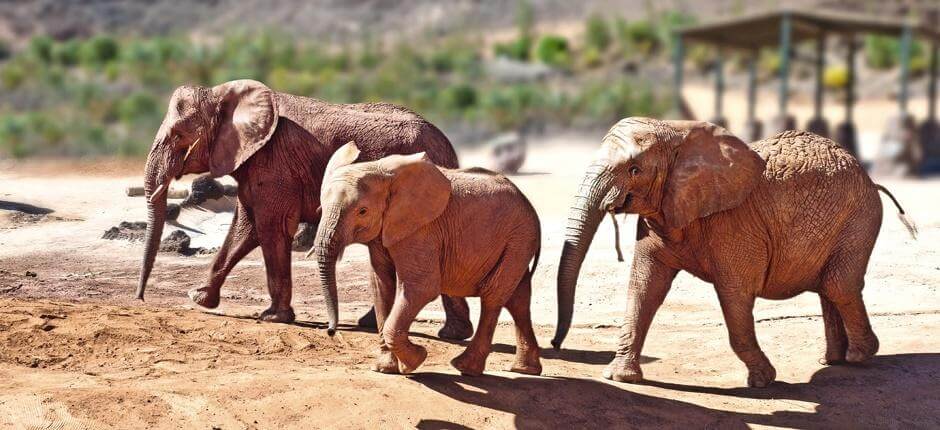 Oasis Park Fuerteventura, Fuerteventura’s Zoos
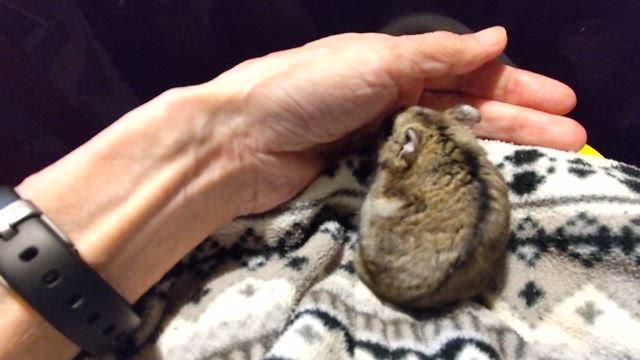 フードロス削減に貢献 1の記事動画
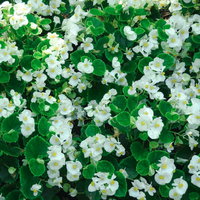 緑の葉に囲まれて咲き誇る白いベゴニアの花壇の写真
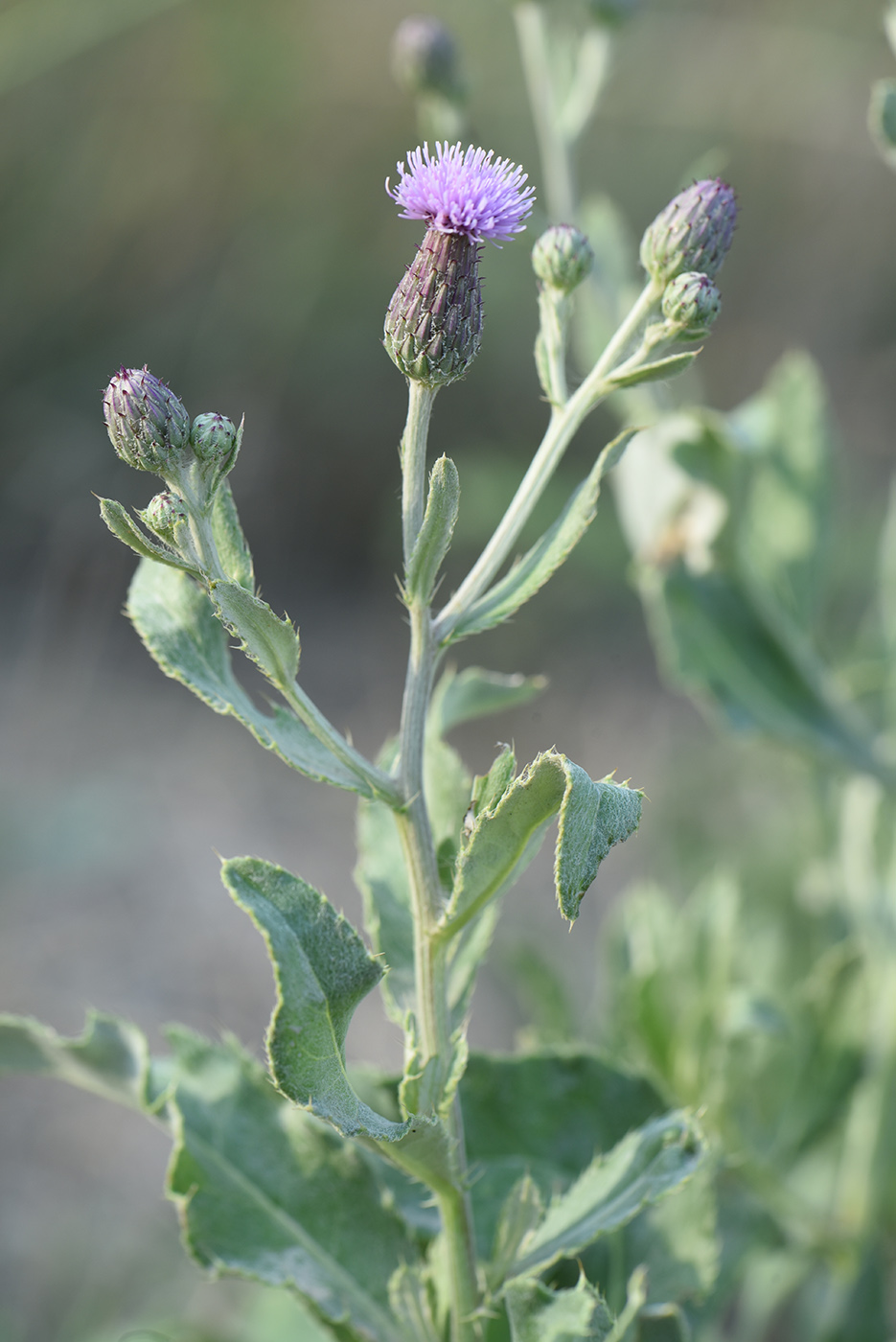 Image of Cirsium incanum specimen.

• [Description of the task]
Everything in the preceding material must be transcribed exactly, except the images.

• [Solution to this problem]
 Oasis Park Fuerteventura, Fuerteventura’s Zoos
 フードロス削減に貢献 1の記事動画
 緑の葉に囲まれて咲き誇る白いベゴニアの花壇の写真
 Image of Cirsium incanum specimen.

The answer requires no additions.